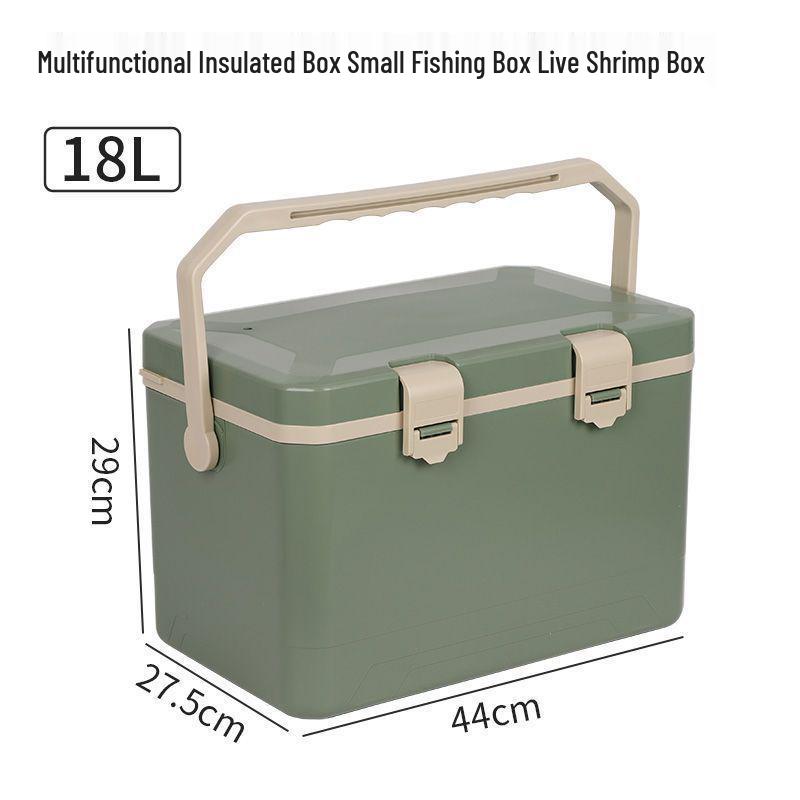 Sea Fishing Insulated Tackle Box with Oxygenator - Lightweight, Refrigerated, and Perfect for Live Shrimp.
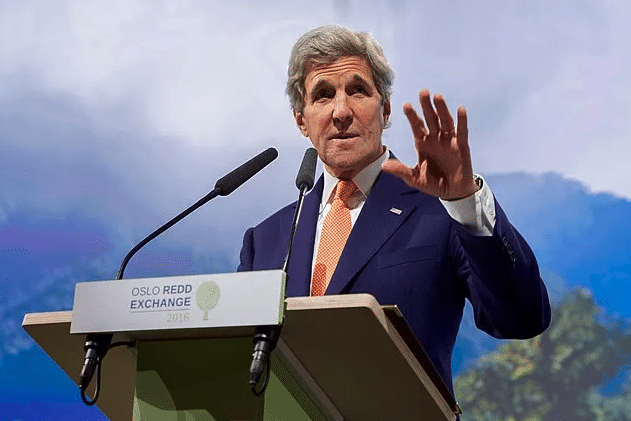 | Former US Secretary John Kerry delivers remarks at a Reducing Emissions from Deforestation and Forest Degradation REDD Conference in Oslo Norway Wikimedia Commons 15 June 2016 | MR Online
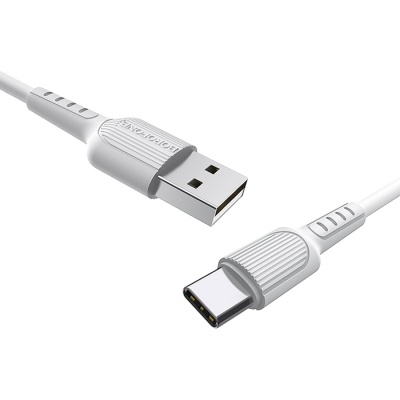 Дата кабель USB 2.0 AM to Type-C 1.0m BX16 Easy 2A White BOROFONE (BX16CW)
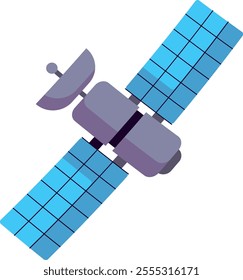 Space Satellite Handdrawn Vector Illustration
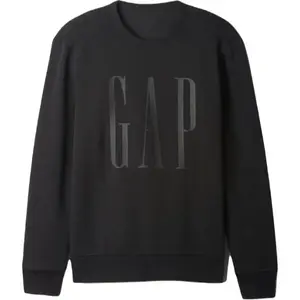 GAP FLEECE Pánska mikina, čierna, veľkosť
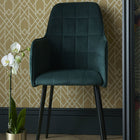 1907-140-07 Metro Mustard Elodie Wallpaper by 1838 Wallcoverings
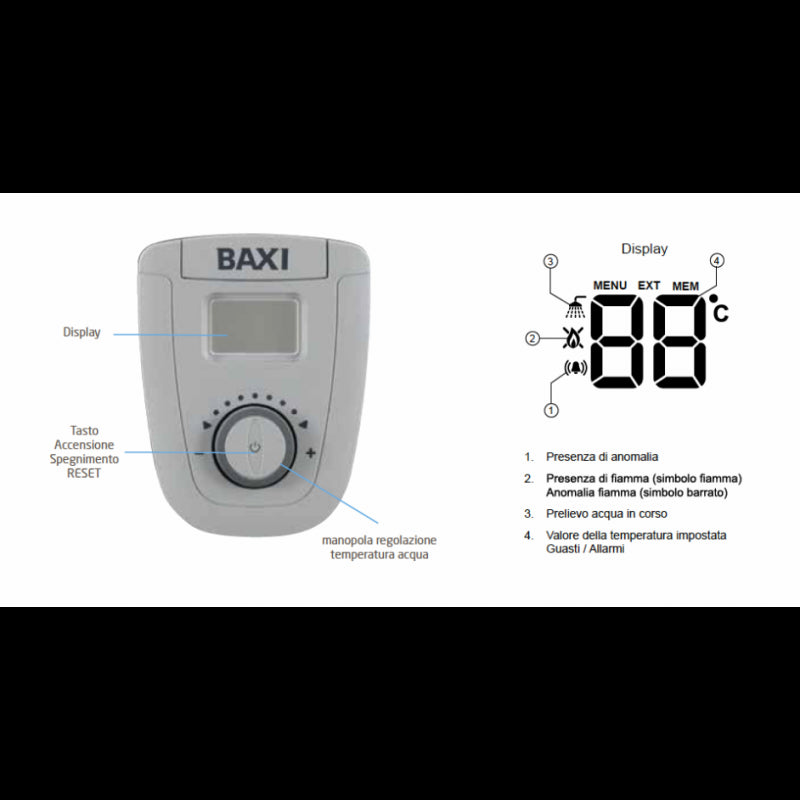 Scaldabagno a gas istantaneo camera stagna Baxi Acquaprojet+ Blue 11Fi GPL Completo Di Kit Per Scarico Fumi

------------------------------------------------

### EXERCISE DETAILS:
Could you set down exactly, and only, the lines from the line containing "2016 | MR Online" through the last line of the records, both included, without the pictures?

### COMPLETED TASK:
 | Former US Secretary John Kerry delivers remarks at a Reducing Emissions from Deforestation and Forest Degradation REDD Conference in Oslo Norway Wikimedia Commons 15 June 2016 | MR Online
 Дата кабель USB 2.0 AM to Type-C 1.0m BX16 Easy 2A White BOROFONE (BX16CW)
 Space Satellite Handdrawn Vector Illustration
 GAP FLEECE Pánska mikina, čierna, veľkosť
 1907-140-07 Metro Mustard Elodie Wallpaper by 1838 Wallcoverings
 Scaldabagno a gas istantaneo camera stagna Baxi Acquaprojet+ Blue 11Fi GPL Completo Di Kit Per Scarico Fumi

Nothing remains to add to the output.